Energy Reports (Dec 2023)
A novel technique for quantifying the fate of CO2 injected in oil reservoir for geological utilization and storage
Abstract
CO2-enhanced oil recovery (CO2-EOR) is a potential CO2 capture, utilization, and storage technology. In particular, CO2 can break the hydrochemical balance of water–rock and converts into carbonate minerals which are the most stable sequestration phase. The water–rock reactions are complex kinetic processes because the rate of dissolution/precipitation of minerals are vary with the pH of the formation water. However, studies on the effect of geochemical reactions on CO2-EOR processes are lacking, and the fate of CO2 cannot be accurately quantified. In this study, we combine the characteristics of the oil phase into the thermal–hydraulic–chemical TOUGHREACT simulator to consider various water–rock geochemical kinetic reactions in CO2-EOR. Therefore, the distribution phase of CO2 can be determined completely in the reservoir. Our analyses use the realistic fluid property (pressure–volume–temperature) of multicomponent oil phase–CO2 mixtures. The model considers the possible geochemical reactions and the resulting changes in porosity and permeability.
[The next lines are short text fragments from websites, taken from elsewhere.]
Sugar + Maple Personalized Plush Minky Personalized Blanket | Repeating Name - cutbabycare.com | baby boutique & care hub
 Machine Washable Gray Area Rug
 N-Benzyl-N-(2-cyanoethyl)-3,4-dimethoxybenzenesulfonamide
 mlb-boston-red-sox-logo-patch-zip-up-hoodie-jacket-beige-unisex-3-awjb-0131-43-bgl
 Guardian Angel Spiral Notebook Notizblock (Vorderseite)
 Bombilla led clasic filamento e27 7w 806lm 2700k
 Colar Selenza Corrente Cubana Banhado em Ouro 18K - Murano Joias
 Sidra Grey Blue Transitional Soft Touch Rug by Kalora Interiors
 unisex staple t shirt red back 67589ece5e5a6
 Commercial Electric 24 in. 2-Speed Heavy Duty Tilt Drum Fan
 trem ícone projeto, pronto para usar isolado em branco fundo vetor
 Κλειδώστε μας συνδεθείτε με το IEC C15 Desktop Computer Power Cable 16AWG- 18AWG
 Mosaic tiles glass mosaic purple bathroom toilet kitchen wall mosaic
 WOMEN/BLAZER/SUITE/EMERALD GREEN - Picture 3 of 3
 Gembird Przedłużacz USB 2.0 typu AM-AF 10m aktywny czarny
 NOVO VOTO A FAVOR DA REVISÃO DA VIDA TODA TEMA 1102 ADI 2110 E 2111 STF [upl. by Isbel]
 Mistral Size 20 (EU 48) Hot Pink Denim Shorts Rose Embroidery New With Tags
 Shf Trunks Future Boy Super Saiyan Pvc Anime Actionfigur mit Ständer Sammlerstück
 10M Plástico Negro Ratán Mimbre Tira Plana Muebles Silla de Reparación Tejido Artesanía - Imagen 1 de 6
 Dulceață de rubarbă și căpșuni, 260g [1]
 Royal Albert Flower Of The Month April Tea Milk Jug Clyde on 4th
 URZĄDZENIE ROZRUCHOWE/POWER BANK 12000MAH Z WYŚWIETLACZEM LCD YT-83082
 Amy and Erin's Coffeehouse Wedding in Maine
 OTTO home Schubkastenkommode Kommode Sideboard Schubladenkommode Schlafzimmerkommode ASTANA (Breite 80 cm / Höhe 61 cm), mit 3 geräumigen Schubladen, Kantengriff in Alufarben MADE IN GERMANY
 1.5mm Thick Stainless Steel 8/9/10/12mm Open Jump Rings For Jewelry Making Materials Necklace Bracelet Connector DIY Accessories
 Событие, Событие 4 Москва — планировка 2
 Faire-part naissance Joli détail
The results indicate that in gas–water cycle of 9% hydrocarbon pore volume CO2 slug, the largest distributed phase of CO2 is the gas phase, accounting for 52.2% during the CO2 injection period. After water injection, the solubility of CO2 in the oil phase increases, and CO2 is mostly dissolved in the oil phase, accounting for 53.0%. Without considering the water–rock geochemical reactions will result in an underestimation of the dissolved aqueous phase and correspondingly the others were overestimated. The maximum error of the distributed quantity is up to 6.4% of the total injection. In addition, the omission of water–rock reactions result in an underestimation of the oil recovery. Comparing with the CO2 storage in a saline aquifer, dissolution of CO2 in oil phase in CO2-EOR scenario dampens the effect of buoyancy, which leads to higher sequestration capacity for the same footprint of storage reservoir.